> Supplied information

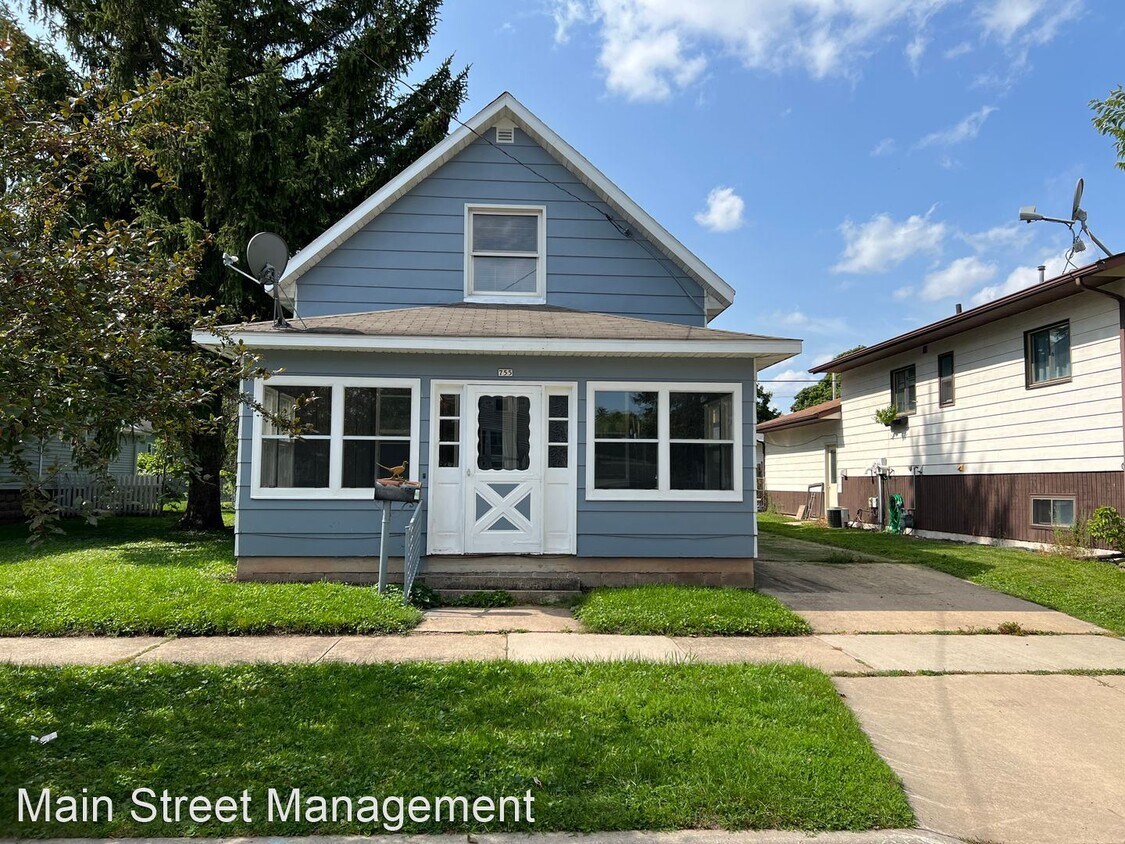 Primary Photo - 3 br, 1 bath House - 755 Grove St.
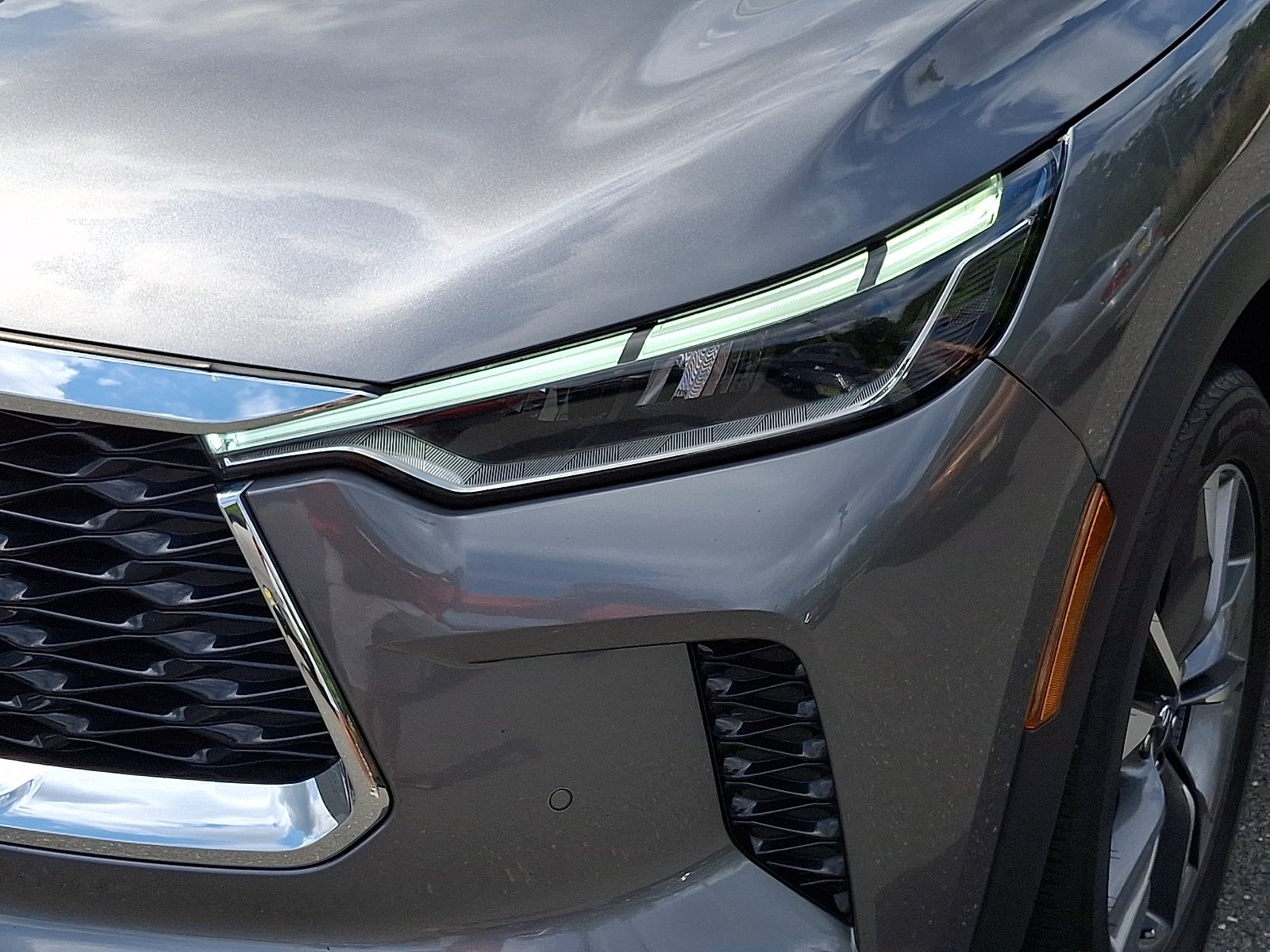 Used 2025 Graphite Shadow INFINITI LUXE AWD image 9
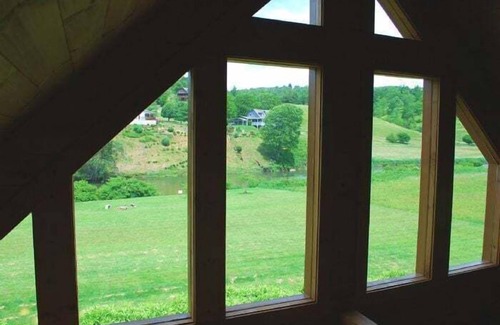 West Jefferson Cabina | RIVERFRONT log cabin, jacuzzi, chimenea de leña, admite mascotas, fogata, futbolín, wifi, terraza, cov. Porche, se admiten perros pequeños.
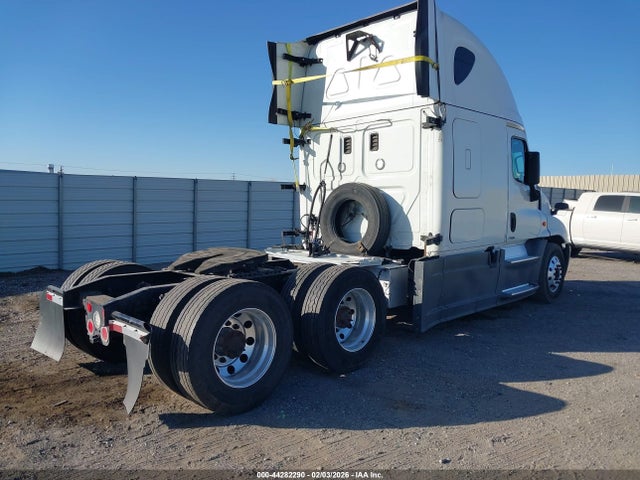 3AKJGLDR4HSHF1943 Freightliner Cascadia 125
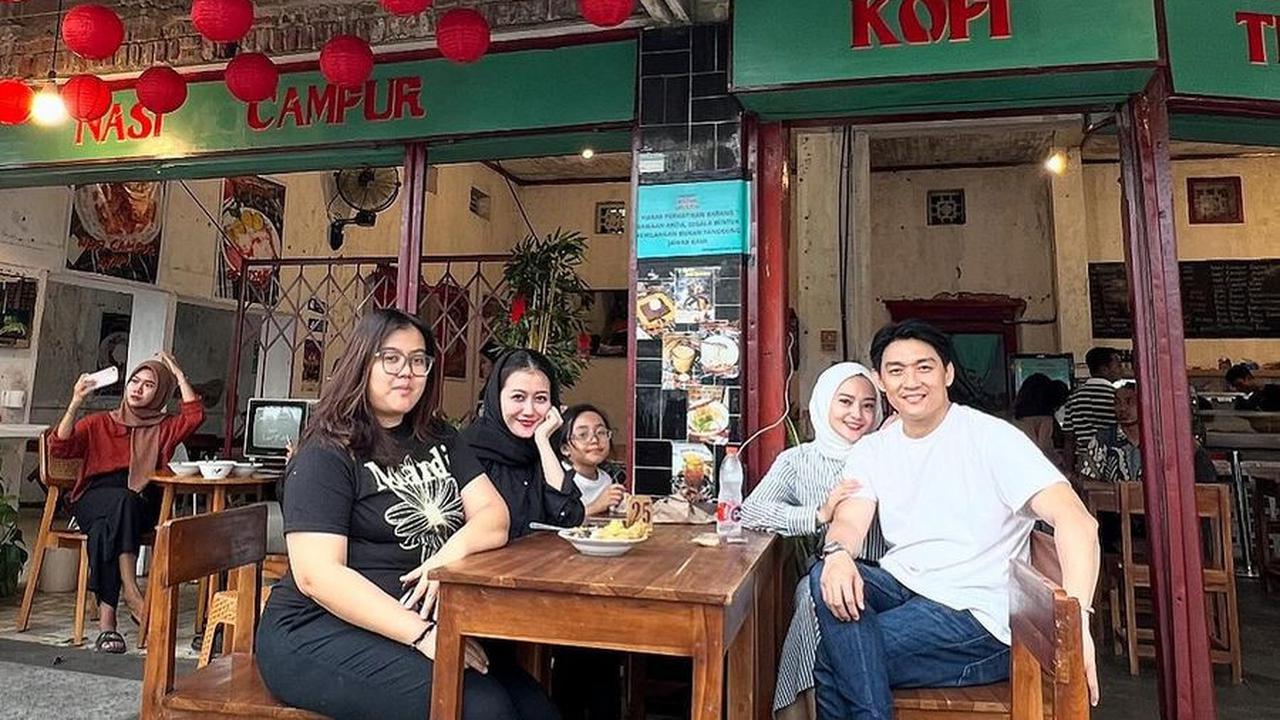 8 Foto Ifan Seventeen dan Citra Monica Saat Ziarah ke Makam Dylan Sahara
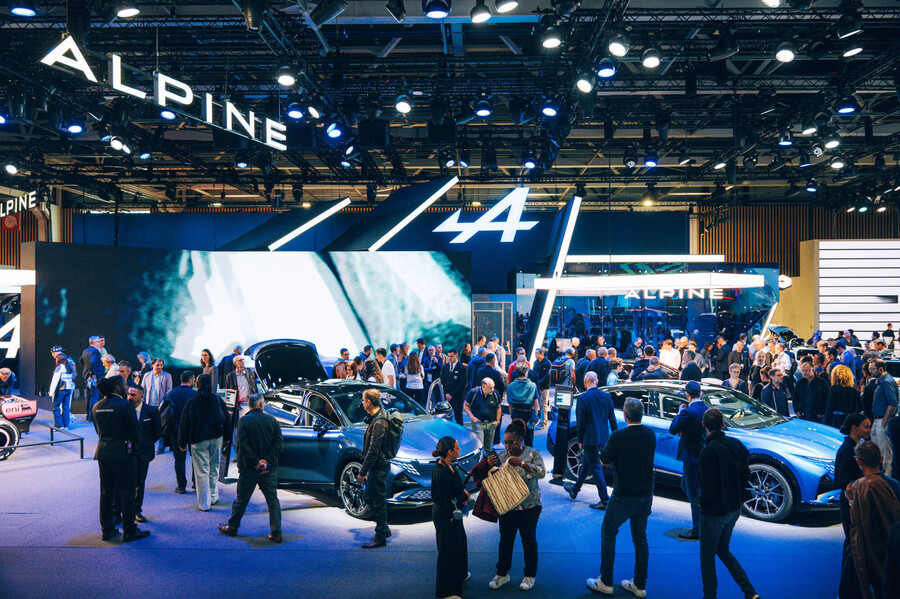 alpine_at_the_paris_motor_show_c182db63c85da91f.jpg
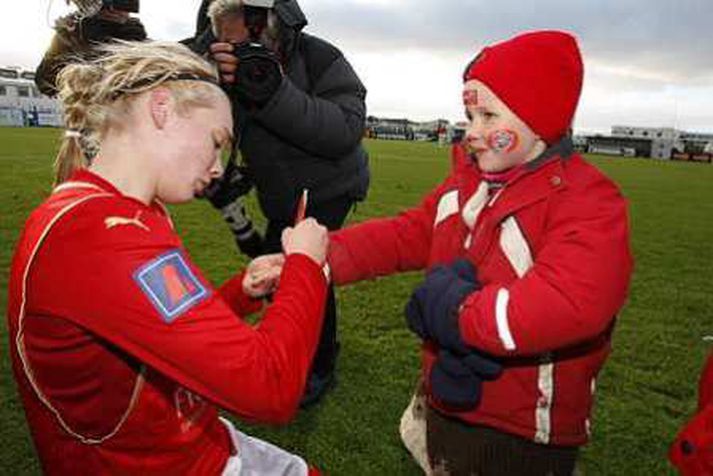 Margrét Lára gefur ungum stuðningsmanni Vals eiginhandaáritun.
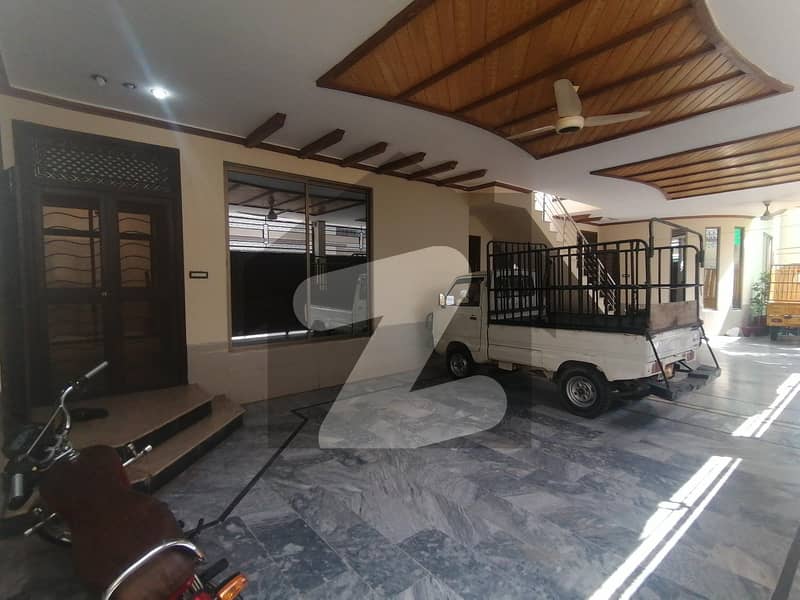 نشیمن کالونی ملتان میں 4 کمروں کا 6 مرلہ مکان 1.25 کروڑ میں برائے فروخت۔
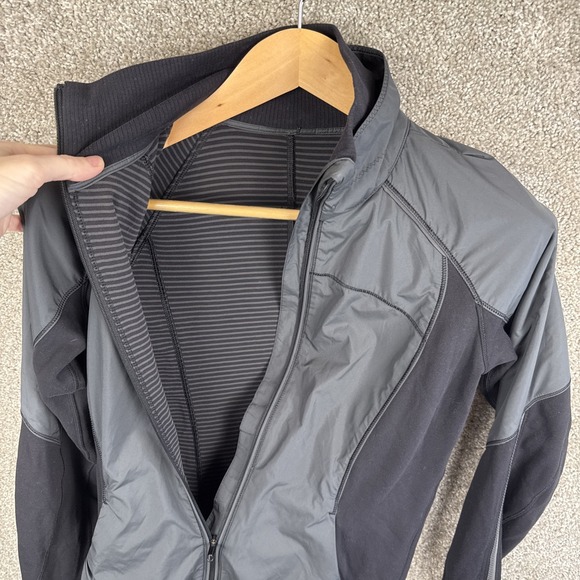 Lululemon Cant Stop Jacket Size 4 Womens Black Full Zip Hyper Stripe Mock Neck - Picture 7 of 7
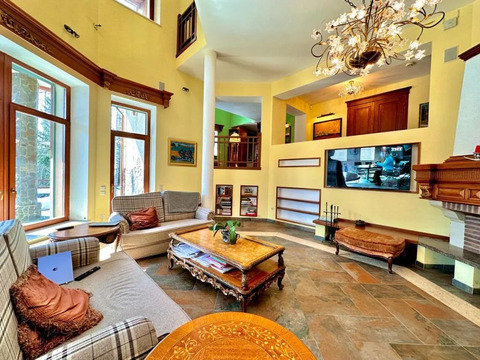 Продаётся уникальный коттедж в лесу!  д. Губцево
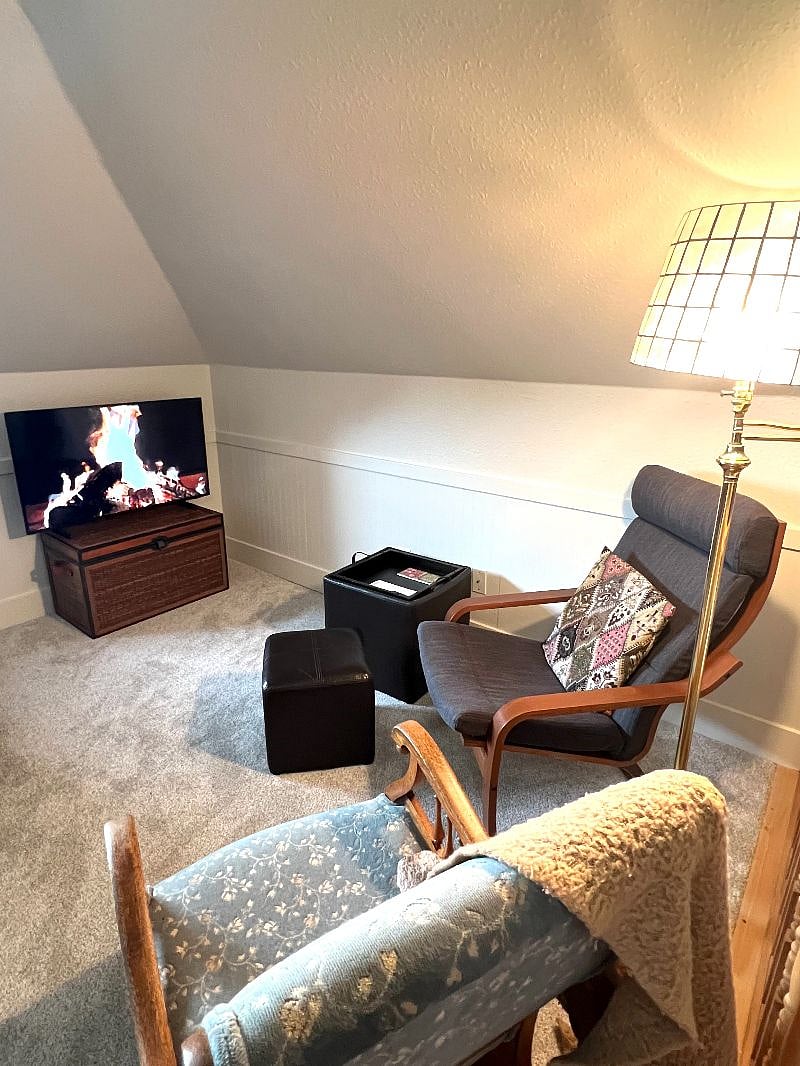 Brand new Samsung smart -TV with guest streaming and easy voice control remote!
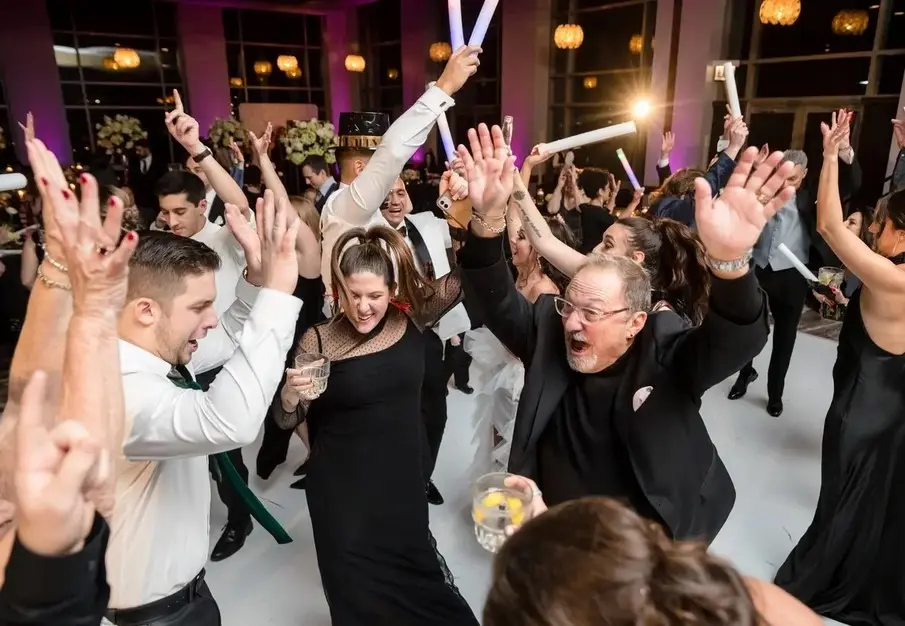 Dj Dany sorgt für Stimmung im Zollhaus in Landshut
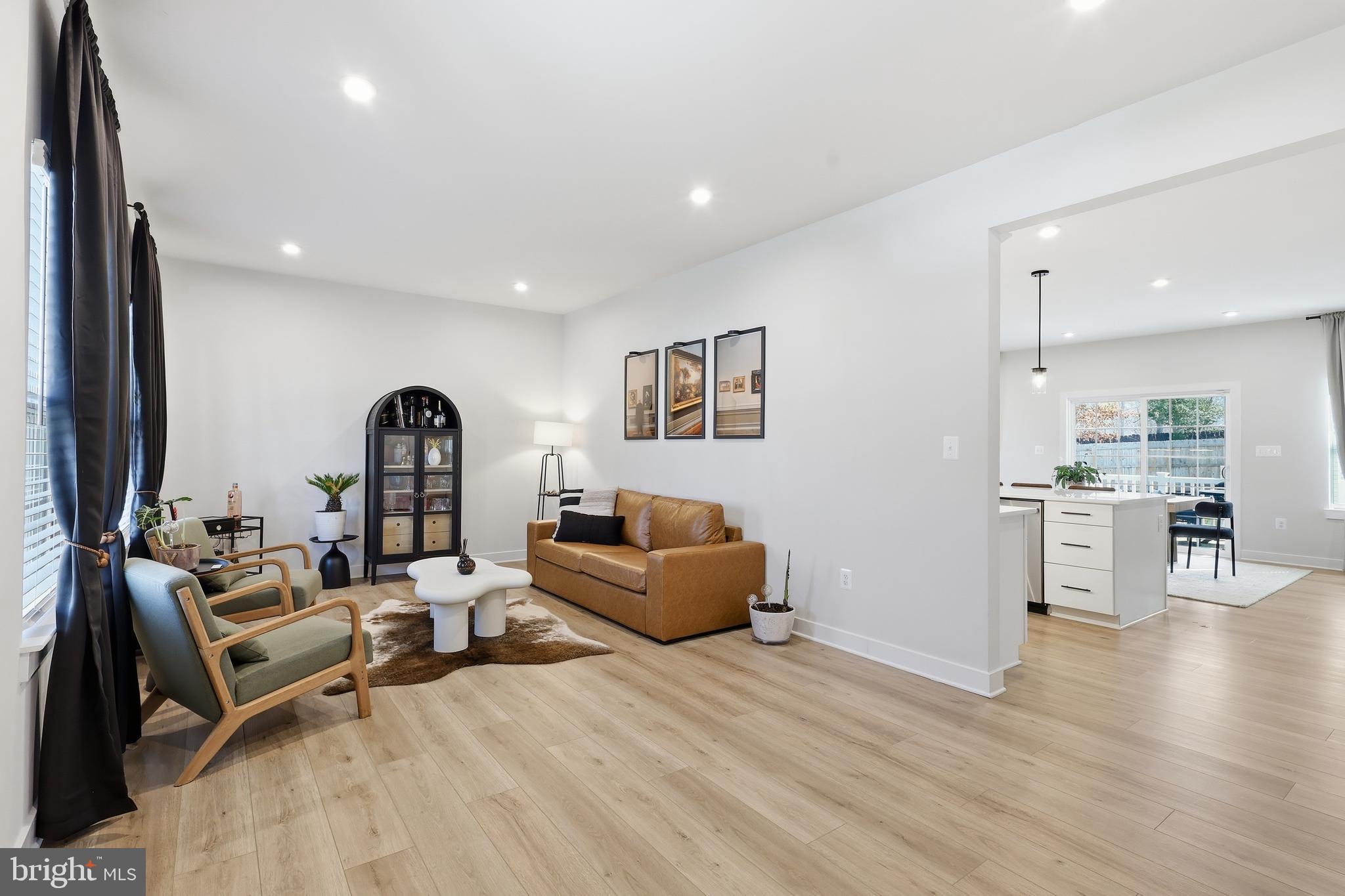 WOODBERRY MANOR - Residential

> Your assignment
Leave the pictures out and retype only the lines from the line with "Dj Dany sorgt" through the final line of the material, both ends included, word for word.

> Exercise output
 Dj Dany sorgt für Stimmung im Zollhaus in Landshut
 WOODBERRY MANOR - Residential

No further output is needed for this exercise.